Reserves are expressed in thousand standard cubic feet (“Mcf”) at the contractual pressure and temperature bases and include shrinkage adjustment related to field and plant losses.

RESERVES ESTIMATE CLASSIFICATION
The estimates contained in this report have been prepared using standard engineering methods and practices generally accepted by the petroleum industry. The appropriate depth and thoroughness were used to estimate Reserves in conformance with SEC regulations. For more information regarding Reserves classification definitions see Appendix A. A complete discussion of the Reserves classification definitions can be found on the United States Securities and Exchange Commission website (www.sec.gov).

The maximum remaining Reserves life assigned to wells included in this report is 50 years. This report does not include any gas sales imbalances. All volumes are related to commercial production.

The SEC requires a development plan be in place for these assets. As Catapult is a mineral and royalty company, there is some uncertainty in the timing of future completions and development. Haas Engineering has used professional judgment in forecasting such timing. For the purposes of this report, completed, non-producing and drilled, and uncompleted wells have been classified as Proved Behind Pipe, and locations with an active permit have been classified as Proved Undeveloped. All Proved Undeveloped locations are developed within 5 years.

METHODOLOGY AND DISCUSSION
The Reserves estimates contained in this report have been prepared using standard engineering practices generally accepted by the petroleum industry. Decline curve analysis was used to estimate the remaining Reserves of pressure depletion reservoirs with enough historical production data to establish decline trends. Reservoirs under non-pressure depletion drive mechanisms and non-producing Reserves were estimated by volumetric analysis, research of analogous reservoirs, or a combination of both. Reserves in this report have been estimated using deterministic and probabilistic methods. The appropriate methodology was used, as deemed necessary, to estimate Reserves in conformance with SEC regulations.

COMMODITY PRICES
Pursuant to SEC guidelines, the cash flow projections in this report utilize the unweighted 12-month arithmetic average of the first-day-of month benchmark prices for January 2023 through December 2023. The benchmark price for natural gas is the NYMEX Natural Gas Henry Hub settlement price for each respective month and the benchmark price for hydrocarbon liquids is the price received for West Texas Intermediate (“WTI”) crude oil at the Cushing, OK sales point.

The benchmark price for WTI crude oil sold at Cushing, OK during this time period is $78.22 per bbl. For crude oil, the benchmark price is held constant throughout the life of the wells and is adjusted for crude quality, marketing fees, BS&W, purchaser bonuses, and basis differentials, resulting in a weighted average received price of $77.73 per bbl. For natural gas liquids (“NGL”), the WTI crude oil price was held constant throughout the life of the wells and is adjusted for BTU content and basis differentials, resulting in a weighted average net price of $23.56 per bbl.

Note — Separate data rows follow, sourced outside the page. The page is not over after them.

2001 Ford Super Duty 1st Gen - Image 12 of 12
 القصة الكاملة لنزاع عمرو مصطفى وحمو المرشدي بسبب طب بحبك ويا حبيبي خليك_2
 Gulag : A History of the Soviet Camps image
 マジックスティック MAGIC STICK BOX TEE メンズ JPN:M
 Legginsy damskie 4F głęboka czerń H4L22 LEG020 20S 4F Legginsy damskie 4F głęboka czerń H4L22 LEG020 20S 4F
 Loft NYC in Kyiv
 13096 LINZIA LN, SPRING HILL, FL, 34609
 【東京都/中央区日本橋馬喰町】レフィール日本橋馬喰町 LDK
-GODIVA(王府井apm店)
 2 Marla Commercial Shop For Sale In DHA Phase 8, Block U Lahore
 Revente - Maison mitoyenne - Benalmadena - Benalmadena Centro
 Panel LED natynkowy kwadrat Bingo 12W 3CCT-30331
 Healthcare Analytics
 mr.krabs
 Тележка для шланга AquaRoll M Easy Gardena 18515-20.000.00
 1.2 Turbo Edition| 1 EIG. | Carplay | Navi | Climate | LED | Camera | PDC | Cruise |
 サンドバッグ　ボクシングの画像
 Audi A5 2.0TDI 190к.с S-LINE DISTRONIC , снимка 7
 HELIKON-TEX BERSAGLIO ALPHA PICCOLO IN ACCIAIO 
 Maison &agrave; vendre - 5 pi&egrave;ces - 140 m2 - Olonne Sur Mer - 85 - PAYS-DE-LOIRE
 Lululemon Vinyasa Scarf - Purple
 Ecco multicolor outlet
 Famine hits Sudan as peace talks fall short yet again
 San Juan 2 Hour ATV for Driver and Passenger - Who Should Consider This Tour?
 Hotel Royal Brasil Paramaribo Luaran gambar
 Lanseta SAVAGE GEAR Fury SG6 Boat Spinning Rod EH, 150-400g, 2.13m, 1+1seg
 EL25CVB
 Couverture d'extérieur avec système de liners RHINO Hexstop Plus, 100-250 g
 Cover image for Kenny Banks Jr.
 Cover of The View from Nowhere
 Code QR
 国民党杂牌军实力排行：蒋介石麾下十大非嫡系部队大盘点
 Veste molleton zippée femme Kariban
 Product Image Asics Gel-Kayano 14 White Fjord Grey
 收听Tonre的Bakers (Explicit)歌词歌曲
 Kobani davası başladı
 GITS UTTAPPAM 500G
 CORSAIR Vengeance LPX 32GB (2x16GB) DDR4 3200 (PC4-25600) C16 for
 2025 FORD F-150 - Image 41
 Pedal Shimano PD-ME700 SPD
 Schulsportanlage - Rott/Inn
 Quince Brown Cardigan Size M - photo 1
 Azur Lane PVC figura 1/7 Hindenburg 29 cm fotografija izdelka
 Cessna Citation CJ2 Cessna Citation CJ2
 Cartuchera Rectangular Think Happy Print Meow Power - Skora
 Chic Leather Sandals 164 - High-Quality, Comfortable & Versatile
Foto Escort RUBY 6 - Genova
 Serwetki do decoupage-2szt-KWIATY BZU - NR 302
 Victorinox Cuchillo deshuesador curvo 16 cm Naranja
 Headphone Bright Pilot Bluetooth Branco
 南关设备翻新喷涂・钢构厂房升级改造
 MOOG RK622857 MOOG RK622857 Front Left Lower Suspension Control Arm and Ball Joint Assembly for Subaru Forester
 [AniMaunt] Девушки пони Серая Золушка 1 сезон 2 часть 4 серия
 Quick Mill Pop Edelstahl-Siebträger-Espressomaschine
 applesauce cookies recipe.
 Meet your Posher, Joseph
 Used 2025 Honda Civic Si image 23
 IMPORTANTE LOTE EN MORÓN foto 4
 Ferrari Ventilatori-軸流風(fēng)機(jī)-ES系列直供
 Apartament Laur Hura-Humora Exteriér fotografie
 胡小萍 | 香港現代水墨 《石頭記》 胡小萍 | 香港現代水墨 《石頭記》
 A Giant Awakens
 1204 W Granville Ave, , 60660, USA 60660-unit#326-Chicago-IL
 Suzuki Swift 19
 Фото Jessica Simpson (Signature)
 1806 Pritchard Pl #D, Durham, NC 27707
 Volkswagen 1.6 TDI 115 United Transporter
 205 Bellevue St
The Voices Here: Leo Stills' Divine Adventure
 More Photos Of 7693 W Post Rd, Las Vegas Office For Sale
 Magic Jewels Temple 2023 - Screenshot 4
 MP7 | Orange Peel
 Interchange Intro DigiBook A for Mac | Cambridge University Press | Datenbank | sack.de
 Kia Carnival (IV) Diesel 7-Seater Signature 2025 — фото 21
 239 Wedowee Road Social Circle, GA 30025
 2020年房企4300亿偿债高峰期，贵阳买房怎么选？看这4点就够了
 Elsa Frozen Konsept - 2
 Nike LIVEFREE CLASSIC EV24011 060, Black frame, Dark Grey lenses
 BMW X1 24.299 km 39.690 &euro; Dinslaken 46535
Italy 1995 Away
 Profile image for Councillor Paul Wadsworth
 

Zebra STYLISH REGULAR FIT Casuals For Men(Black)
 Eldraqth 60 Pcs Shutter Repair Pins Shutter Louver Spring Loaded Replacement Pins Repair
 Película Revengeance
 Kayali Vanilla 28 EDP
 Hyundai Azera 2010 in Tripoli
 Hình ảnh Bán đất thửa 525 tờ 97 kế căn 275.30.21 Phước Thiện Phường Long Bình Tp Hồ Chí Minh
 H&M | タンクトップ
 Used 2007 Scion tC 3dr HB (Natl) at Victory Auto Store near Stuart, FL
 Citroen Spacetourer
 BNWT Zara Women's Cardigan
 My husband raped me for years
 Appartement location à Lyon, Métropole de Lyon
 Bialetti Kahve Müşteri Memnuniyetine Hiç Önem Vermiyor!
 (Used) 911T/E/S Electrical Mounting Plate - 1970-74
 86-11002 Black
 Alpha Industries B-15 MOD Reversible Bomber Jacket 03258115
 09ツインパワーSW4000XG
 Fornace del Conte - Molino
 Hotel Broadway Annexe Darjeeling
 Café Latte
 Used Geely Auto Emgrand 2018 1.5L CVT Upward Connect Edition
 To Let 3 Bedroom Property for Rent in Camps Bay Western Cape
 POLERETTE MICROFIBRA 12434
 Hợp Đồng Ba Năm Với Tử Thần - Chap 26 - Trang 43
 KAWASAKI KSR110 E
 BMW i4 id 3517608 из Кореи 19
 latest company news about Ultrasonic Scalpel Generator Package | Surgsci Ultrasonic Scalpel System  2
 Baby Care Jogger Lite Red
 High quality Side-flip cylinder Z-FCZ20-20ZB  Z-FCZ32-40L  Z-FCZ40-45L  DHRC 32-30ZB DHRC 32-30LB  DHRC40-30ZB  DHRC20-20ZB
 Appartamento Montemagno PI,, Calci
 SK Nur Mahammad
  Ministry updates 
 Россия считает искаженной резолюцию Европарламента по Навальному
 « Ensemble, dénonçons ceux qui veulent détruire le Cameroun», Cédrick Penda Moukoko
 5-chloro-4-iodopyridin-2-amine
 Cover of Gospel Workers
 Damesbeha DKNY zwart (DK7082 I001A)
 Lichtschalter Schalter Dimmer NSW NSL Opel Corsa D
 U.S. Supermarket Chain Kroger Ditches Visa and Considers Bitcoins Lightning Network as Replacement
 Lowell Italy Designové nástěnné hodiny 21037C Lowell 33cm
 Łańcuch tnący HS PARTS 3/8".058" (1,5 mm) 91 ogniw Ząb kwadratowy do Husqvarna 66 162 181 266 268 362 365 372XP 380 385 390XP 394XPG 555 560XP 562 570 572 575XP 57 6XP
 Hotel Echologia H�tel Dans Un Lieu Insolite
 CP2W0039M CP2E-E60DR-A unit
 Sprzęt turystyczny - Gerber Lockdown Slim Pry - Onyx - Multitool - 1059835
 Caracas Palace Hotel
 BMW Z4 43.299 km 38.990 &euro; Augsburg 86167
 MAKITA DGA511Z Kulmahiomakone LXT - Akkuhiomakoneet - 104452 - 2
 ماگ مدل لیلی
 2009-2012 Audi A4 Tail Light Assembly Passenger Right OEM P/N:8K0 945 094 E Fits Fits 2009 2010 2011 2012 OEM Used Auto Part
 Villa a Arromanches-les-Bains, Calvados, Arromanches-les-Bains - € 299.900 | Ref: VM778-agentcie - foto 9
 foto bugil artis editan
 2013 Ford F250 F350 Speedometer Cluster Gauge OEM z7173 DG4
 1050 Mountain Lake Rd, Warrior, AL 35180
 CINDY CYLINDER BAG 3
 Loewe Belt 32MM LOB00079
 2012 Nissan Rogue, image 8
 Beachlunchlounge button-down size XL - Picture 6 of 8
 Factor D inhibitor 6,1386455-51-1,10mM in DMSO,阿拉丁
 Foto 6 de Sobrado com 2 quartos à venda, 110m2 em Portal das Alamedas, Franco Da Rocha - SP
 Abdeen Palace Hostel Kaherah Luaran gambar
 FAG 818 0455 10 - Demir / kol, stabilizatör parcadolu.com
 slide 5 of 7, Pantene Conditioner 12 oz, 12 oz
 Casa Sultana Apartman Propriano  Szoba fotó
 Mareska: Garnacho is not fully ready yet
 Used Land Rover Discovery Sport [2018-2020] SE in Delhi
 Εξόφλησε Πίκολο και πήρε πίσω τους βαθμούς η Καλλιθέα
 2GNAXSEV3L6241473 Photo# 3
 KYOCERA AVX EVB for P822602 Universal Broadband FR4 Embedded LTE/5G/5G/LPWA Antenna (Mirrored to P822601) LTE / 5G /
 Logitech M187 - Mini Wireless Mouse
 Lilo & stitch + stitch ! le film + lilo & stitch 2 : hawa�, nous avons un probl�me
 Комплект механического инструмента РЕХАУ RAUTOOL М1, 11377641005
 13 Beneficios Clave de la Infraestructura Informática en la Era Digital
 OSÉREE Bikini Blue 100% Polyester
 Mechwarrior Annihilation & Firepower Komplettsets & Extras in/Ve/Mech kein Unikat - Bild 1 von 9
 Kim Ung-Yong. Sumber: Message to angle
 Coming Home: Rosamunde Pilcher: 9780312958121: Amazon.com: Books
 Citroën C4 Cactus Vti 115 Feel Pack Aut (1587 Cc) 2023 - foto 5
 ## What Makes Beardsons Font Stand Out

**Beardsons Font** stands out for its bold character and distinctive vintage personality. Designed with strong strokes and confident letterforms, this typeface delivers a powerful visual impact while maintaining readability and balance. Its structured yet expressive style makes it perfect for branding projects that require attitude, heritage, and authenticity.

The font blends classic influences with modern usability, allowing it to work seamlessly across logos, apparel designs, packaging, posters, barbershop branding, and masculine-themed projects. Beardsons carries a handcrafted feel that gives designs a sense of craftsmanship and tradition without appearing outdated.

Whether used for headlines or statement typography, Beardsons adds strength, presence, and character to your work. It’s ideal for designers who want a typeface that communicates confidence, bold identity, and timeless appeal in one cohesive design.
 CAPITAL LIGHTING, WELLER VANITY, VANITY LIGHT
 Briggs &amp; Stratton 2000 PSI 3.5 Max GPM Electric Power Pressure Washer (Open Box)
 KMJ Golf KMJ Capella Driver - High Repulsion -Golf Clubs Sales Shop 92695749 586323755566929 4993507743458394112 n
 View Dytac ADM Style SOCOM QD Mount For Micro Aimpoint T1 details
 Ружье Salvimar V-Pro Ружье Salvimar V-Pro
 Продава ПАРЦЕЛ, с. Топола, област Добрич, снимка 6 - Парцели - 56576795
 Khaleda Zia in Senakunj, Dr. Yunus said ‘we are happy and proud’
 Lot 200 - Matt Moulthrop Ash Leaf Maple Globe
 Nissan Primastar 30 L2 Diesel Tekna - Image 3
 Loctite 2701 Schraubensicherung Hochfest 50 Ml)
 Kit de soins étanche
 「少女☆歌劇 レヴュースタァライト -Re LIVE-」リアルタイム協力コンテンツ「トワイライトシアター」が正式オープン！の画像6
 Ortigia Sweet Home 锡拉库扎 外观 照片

The benchmark price for natural gas delivered at Henry Hub during this time period is $2.64 per MMBTU. The Henry Hub price was held constant throughout the life of the wells and is adjusted for BTU content and basis differentials, resulting in a weighted average received price of $2.60 per Mcf.

Fees associated with gathering, marketing, processing, and transportation were applied as expenses in this report.


Catapult Mineral Partners, LLC | February 20, 2024| Page 2 of 5



Summary level revenue accounting data for the period of October 1, 2022 through September 30, 2023 was generally used in this evaluation.

OPERATING EXPENSES & CAPITAL COSTS
As Catapult is a mineral and royalty company, it is not burdened by operating expenses and capital costs. Therefore, Asset Retirement Obligations (“ARO”) have not been included in this evaluation. The lease operating costs used in this evaluation have been included to truncate the commercial life of the property and were estimated based on knowledge of analogous wells producing under similar conditions. The lease operating expenses in this report represent field level operating costs.

Operating expenses and capital costs were not escalated in this evaluation.

DISCLAIMERS
The Proved Reserves presented in this report are estimates only and should not be construed as being exact quantities. They may or may not be actually recovered; and, if recovered, the revenues therefrom and the actual costs related thereto could be more or less than the estimated amounts. Because of governmental policies and uncertainties of supply and demand, the product prices and the costs incurred in recovering these Reserves may vary from the price and cost assumptions in this report. Because these estimates are based on existing governmental regulations, changes could affect the ability to recover these Reserves. In any case, quantities of Reserves may increase or decrease as a result of future operations.

It should be understood that the financial information supplied by Catapult for 2023 has not yet been audited and has been accepted as represented.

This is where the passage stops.